(Dataset items)
============
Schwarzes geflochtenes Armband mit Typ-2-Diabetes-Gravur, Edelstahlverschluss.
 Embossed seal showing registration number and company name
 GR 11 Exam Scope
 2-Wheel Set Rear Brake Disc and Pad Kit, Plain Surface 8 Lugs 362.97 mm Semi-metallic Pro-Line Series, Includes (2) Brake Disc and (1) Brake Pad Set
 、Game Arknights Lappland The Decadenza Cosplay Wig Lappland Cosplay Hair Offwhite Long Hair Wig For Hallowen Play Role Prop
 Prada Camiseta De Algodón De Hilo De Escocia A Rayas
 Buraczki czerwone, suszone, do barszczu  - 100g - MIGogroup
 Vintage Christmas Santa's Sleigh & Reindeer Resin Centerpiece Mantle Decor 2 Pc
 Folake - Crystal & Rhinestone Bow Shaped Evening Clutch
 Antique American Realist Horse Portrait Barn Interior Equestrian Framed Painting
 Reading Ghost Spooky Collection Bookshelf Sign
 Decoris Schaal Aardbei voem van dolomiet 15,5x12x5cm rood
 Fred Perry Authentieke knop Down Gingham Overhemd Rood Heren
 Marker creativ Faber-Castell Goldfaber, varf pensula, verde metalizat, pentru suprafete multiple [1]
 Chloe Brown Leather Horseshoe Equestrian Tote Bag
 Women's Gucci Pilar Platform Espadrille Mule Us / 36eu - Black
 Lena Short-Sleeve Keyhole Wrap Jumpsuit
============
Every line above from the line with "Embossed seal showing" to the line with "Fred Perry Authentieke", inclusive, must be returned exactly; no other line belongs in the reply.

Result:
 Embossed seal showing registration number and company name
 GR 11 Exam Scope
 2-Wheel Set Rear Brake Disc and Pad Kit, Plain Surface 8 Lugs 362.97 mm Semi-metallic Pro-Line Series, Includes (2) Brake Disc and (1) Brake Pad Set
 、Game Arknights Lappland The Decadenza Cosplay Wig Lappland Cosplay Hair Offwhite Long Hair Wig For Hallowen Play Role Prop
 Prada Camiseta De Algodón De Hilo De Escocia A Rayas
 Buraczki czerwone, suszone, do barszczu  - 100g - MIGogroup
 Vintage Christmas Santa's Sleigh & Reindeer Resin Centerpiece Mantle Decor 2 Pc
 Folake - Crystal & Rhinestone Bow Shaped Evening Clutch
 Antique American Realist Horse Portrait Barn Interior Equestrian Framed Painting
 Reading Ghost Spooky Collection Bookshelf Sign
 Decoris Schaal Aardbei voem van dolomiet 15,5x12x5cm rood
 Fred Perry Authentieke knop Down Gingham Overhemd Rood Heren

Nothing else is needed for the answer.